Mercedes drivers Lewis Hamilton and George Russell rounded out the top six, while Norris had to settle for a disappointing seventh having lapped more than 1.9s off his Q2 best and more than 1.2s off Verstappen’s pole lap as the rain arrived.

Carlos Sainz went off the track through the middle of the Senna S on his Q3 lap, leaving him eighth, ahead of only Sergio Perez’s Red Bull - which was only half a tenth off Verstappen in Q2 - and Oscar Piastri’s McLaren, which failed to set a time in Q3 after going off at the final corner.

Post-session investigations may yet affect Russell and Stroll - who were noted for pitlane exit impeding and a too-slow outlap respectively.

Both Alpines and the two Haas drivers joined Alex Albon’s Williams in being eliminated in Q2.

Nico Hulkenberg and 2022 Interlagos pole position winner Kevin Magnussen were inside the top 10 after their first runs, but slipped out as others improved.

Hulkenberg went faster on his final run but fell 0.172s short of Stroll’s top-10 cut-off lap.

Having just about scraped through Q1 it was perhaps no surprise to see Esteban Ocon and Pierre Gasly both eliminated in Q2. They were each on the same tenth as Hulkenberg (1m10.5s), and both are involved in post-session investigations over pit-exit impeding.

Magnussen was 14th after failing to improve on a 1m10.723s lap on his final run, while Albon had a quicker lap than his 1m10.840s effort deleted for a track limits offence, but even retaining that faster time wouldn’t have changed his grid position.

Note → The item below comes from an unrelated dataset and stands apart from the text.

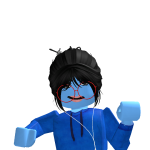 @BenjaminBunnyRBX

The Williams driver and Magnussen were the only two not to go faster in Q2 than they did in Q1.,After the qualifying heroics of Mexico, where Daniel Ricciardo was fourth quickest, both he and AlphaTauri team-mate Yuki Tsunoda were eliminated in an extremely tight Q1 battle where just 0.453s covered fastest to 15th place.

Many drivers had to use extra sets of soft tyres such was the competition over one of F1’s shortest laps, and with his final effort of the session, Ocon bumped Tsunoda out of Q2.

Ocon’s Alpine team-mate Gasly relied on an earlier time to survive elimination. He was less than half a tenth from missing the cut.

Tsunoda was quicker than Ricciardo - who messed up heading into the Senna S on his quickest lap - just 0.006s the difference between 16th and 17th on the grid, while both Alfa Romeos and Logan Sargeant’s Williams joined the AlphaTauris in being knocked out in Q1.

Valtteri Bottas was just over a tenth down on Ricciardo, while neither Sargeant nor Zhou Guanyu made it below 1m11s when better than 1m10.793s was needed to progress to Q2.